I’ve really been wondering about how many teams used the field rope, or other thick ropes.

I’m curious because our teams robot was the only one at our regionals to use such a thick rope. Here is a picture of us climbed. Our climber used two angled shafts to trap the rope and wind it up.

You’re right, very few teams used the field rope. Yours is a pretty effective mechanism though. Congrats on accomplishing a difficult challenge!

Interesting approach, I think most teams took one look at the stock ropes, read what was allowed in the manual, and immediately dismissed the idea of even trying to use the stock ropes. Of the few that have attempted, yours is probably the first I’ve seen that actually does it well.

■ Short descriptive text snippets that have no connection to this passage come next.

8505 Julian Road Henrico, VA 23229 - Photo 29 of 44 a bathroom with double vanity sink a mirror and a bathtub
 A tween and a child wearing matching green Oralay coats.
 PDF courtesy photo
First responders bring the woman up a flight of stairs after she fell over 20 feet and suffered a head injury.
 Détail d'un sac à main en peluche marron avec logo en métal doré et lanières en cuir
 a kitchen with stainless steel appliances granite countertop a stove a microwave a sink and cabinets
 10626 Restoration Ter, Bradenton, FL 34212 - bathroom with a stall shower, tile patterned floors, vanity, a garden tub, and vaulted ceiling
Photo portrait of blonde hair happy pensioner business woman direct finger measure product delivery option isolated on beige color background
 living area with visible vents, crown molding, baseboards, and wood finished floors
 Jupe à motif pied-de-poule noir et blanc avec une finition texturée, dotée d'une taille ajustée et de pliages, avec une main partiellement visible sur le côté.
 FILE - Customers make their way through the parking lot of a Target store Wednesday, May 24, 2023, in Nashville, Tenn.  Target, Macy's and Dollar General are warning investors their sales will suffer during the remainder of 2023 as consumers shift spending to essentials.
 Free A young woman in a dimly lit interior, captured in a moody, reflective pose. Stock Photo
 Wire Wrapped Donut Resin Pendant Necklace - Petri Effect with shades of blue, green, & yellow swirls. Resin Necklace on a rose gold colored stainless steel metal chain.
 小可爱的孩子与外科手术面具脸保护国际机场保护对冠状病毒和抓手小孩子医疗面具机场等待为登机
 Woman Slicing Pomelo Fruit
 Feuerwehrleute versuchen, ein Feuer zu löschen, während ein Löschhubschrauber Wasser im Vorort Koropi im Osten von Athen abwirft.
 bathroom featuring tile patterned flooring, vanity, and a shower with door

This is an image of our climber which has the capability of climbing the field rope (it was tested outside competition). However, we opted for a smaller diameter rope for the sake of consistency. The climber consisted of two aluminum plates with a pentagonal hole pattern. In each of these holes was a 5 inch long spike. These two “jaws” were held together by constant force springs. Before the start of the match, we would set the climber by zip tying each jaw to the frame. When the driver lined the robot up against the rope at the end to the match to climb, they would simply turn the motor and the zip ties would snap. The jaws would then slam shut around the rope and the robot would climb. This design emulated the way one winds spaghetti with a fork, and it won us the creativity award at the Silicon Valley regional.

Sent from my iPhone using Tapatalk

1726 did not use the field rope, but did use the same type of rope (from first choice) cut to their desired length.

Found the reveal video for your robot pKlopp. https://youtu.be/QWIYHvkKkNM That is a really cool design.

Thanks! Unfortunately it wasn’t working properly when we filmed that. We were using zip ties that were too strong so they didn’t snap easily. We also were rotating the climber the wrong way, almost tripling our climb time. Rotating it the way we did in the video directed all the thrust of a 140 lb robot into the CIM motor, causing it to struggle quite a bit. We only realized this after the Sacramento regional. Our climb time at SVR was 5 seconds over the 15 at Davis after simply reversing the direction of the motor.

Sent from my iPhone using Tapatalk

I saw quite a few teams for which the stock rope was installed. But no robots that actually used it.

A little off topic, but I’m curious if any teams climbed another team’s rope? It was a topic my drive team joked about a bit during our last off-season competition. Specifically, with the numerous teams using Velcro to acquire the ropes, it would have been entirely possible to climb another Velcro-friendly rope if some peculiar circumstances were to arise during a match. Does anyone have an example of this happening?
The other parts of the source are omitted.